-------- Material provided --------
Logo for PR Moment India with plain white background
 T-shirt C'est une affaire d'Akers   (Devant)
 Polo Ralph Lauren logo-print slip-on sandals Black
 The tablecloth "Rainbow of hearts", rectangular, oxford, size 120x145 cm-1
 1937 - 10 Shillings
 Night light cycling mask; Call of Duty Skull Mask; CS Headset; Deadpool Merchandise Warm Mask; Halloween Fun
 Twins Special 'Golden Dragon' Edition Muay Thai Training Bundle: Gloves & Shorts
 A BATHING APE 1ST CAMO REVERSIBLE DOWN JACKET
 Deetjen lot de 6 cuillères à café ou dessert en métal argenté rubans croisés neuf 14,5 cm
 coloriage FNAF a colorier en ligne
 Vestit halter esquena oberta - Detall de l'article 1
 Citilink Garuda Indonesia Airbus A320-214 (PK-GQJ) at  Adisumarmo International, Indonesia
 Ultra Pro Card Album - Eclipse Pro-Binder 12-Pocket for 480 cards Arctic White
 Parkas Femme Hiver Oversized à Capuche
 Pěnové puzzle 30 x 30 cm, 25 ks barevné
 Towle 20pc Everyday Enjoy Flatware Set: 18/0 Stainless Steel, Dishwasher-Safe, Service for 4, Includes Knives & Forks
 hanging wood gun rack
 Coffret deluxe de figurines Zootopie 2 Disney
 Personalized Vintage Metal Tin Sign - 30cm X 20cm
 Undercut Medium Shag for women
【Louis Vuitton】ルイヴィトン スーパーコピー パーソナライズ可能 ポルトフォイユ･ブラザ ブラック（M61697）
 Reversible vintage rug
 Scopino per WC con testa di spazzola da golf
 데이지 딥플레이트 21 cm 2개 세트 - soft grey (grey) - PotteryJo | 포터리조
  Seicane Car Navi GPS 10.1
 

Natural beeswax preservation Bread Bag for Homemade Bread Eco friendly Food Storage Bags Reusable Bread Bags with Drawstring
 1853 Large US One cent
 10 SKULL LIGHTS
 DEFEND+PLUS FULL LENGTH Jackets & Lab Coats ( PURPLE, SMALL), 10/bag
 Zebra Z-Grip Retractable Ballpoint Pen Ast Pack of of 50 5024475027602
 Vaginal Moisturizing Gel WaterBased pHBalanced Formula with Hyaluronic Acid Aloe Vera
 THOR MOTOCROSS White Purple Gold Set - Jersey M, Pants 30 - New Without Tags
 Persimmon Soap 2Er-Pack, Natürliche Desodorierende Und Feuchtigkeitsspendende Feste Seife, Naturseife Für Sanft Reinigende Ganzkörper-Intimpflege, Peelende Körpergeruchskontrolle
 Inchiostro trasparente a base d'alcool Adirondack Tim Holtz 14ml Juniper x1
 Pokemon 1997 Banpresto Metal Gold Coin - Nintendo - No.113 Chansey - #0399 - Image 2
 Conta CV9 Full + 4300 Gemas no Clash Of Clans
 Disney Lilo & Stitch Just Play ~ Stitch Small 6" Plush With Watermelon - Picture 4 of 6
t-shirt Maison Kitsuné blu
--------
#### What to do
In the listing, find every line with the word "Disney" and return it.

#### Response below
 Coffret deluxe de figurines Zootopie 2 Disney
 Disney Lilo & Stitch Just Play ~ Stitch Small 6" Plush With Watermelon - Picture 4 of 6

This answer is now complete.